| Task prompt |
Verbatim output of the lines below is required, with the images omitted.

| Collected material |
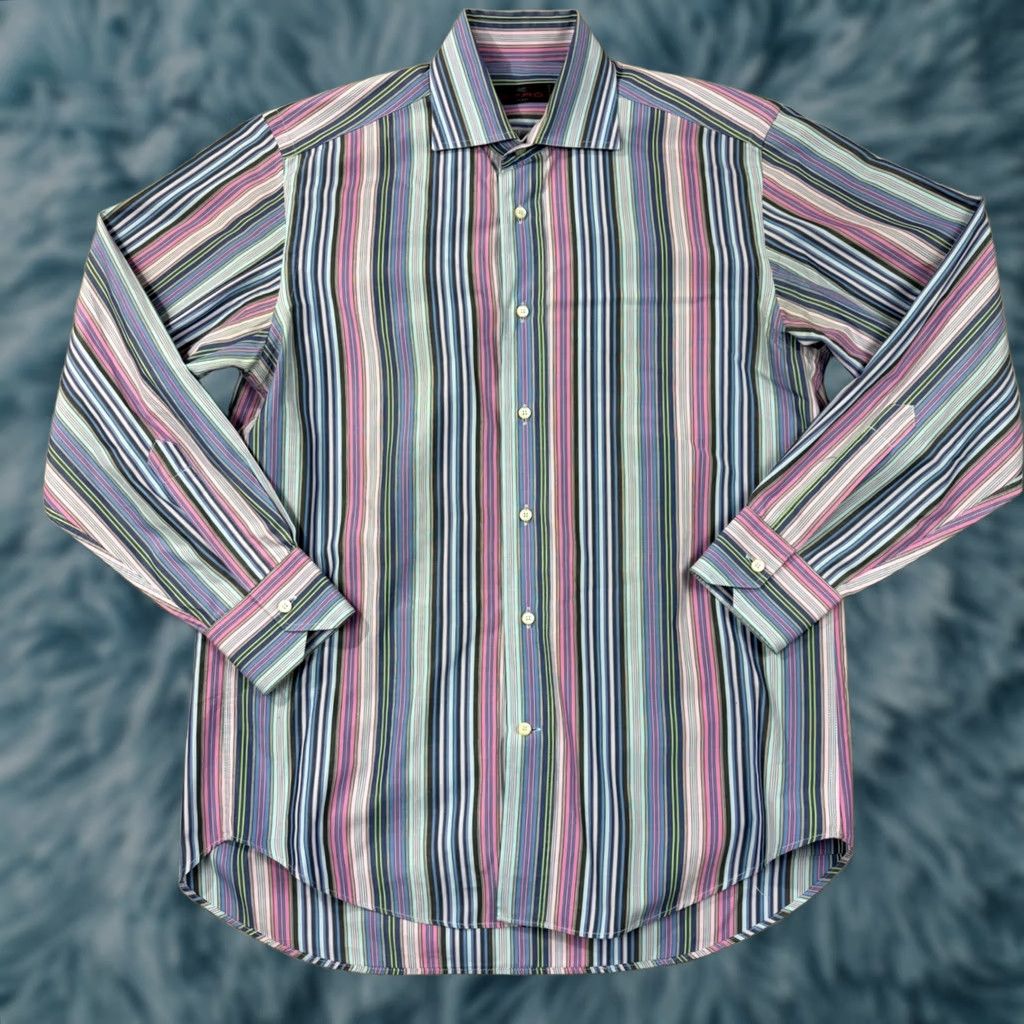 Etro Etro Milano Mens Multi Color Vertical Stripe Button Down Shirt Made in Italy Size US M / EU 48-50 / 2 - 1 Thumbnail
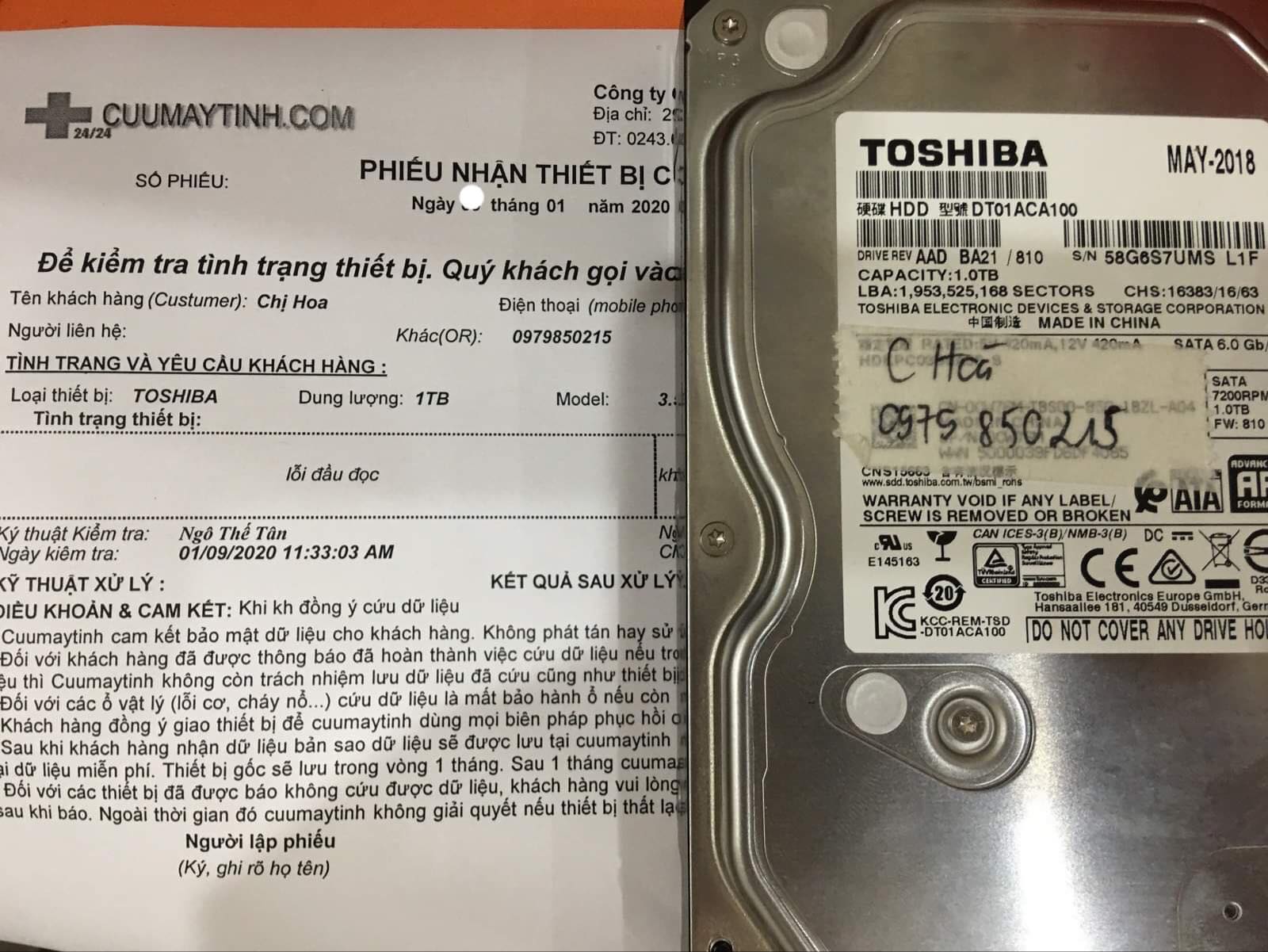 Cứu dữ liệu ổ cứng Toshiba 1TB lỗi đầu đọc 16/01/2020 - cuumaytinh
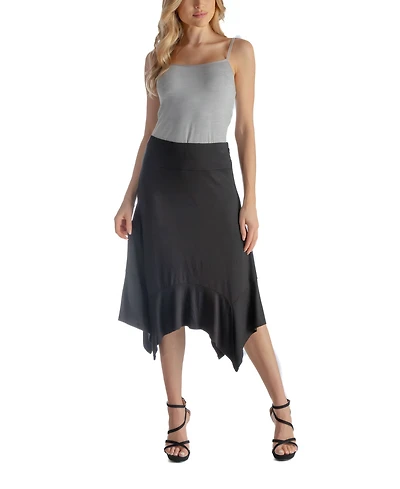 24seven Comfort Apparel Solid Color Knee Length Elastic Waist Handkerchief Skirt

| Solution below |
 Etro Etro Milano Mens Multi Color Vertical Stripe Button Down Shirt Made in Italy Size US M / EU 48-50 / 2 - 1 Thumbnail
 Cứu dữ liệu ổ cứng Toshiba 1TB lỗi đầu đọc 16/01/2020 - cuumaytinh
 24seven Comfort Apparel Solid Color Knee Length Elastic Waist Handkerchief Skirt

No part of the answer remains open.